SGI was created by the first avowedly socialist government in North America elected in 1944, the Co-operative Commonwealth Federation (later renamed New Democratic Party). Under Premier Tommy Douglas, the government began to involve itself in many sectors of the economy, including insurance. The rationale was put forth that Saskatchewan residents were being taken advantage of by companies owned outside the province who set rates too high. Also, at least 90 per cent of the insurance in the province was written by companies established in Eastern Canada.
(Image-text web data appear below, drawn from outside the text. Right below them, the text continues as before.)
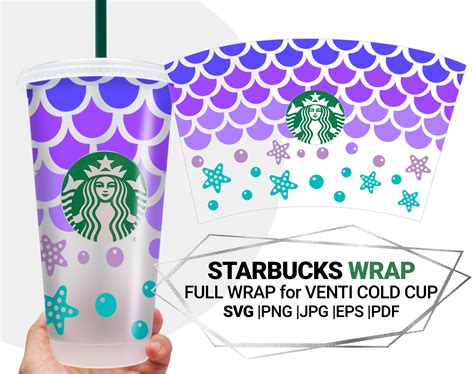 Mermaid Starbucks Cold Cup Svg Mermaid Full Wrap For Etsy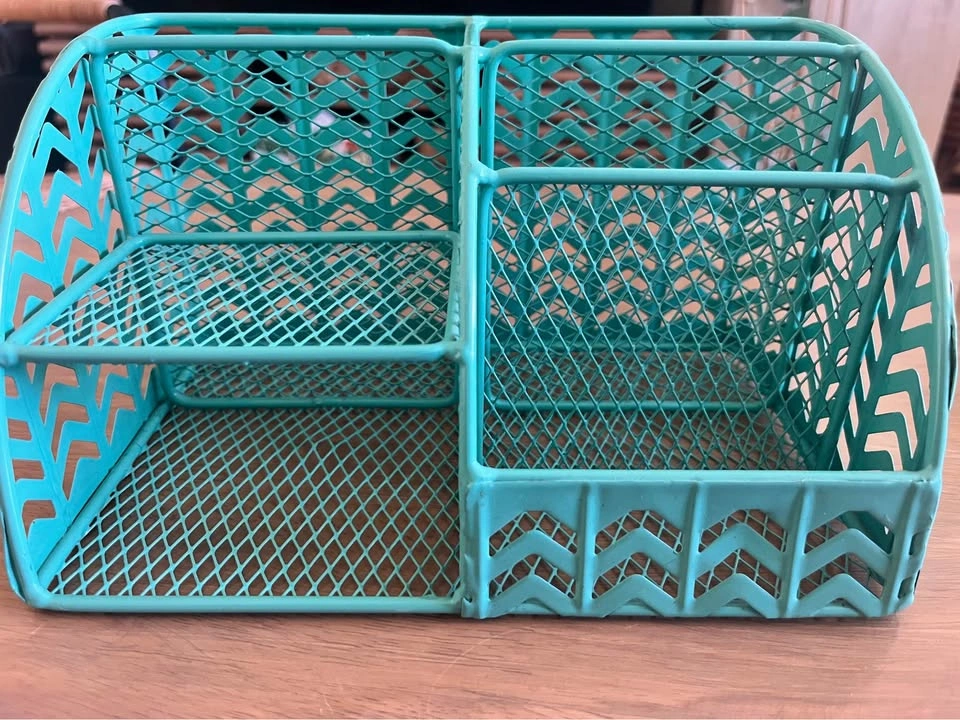 Teal and Gold Metal Mesh Desk Organizers - photo 2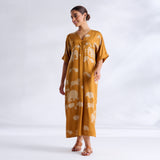 Ele Fun Modal Satin Dress - Yellow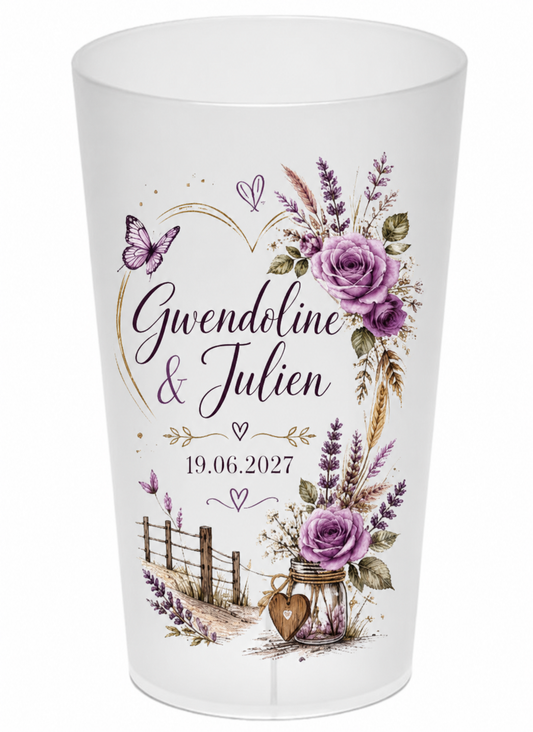 Gobelet personnalisé mariage – Élégance florale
Thus the institution of a publicly owned insurance company was justified by the government on both philosophical and economic grounds.

Working out of the Saskatchewan Legislative Building, Michael Allore, the first president, sold the first policy – Fire Policy Number 1 – to Minister O. W. Valleau on May 1, 1945, and appointed its first broker, Oscar Sawby of Maple Creek, on May 17. By the end of 1945, SGI had 60 employees and a small network of private, independent insurance brokers located across the province selling insurance on behalf of the corporation.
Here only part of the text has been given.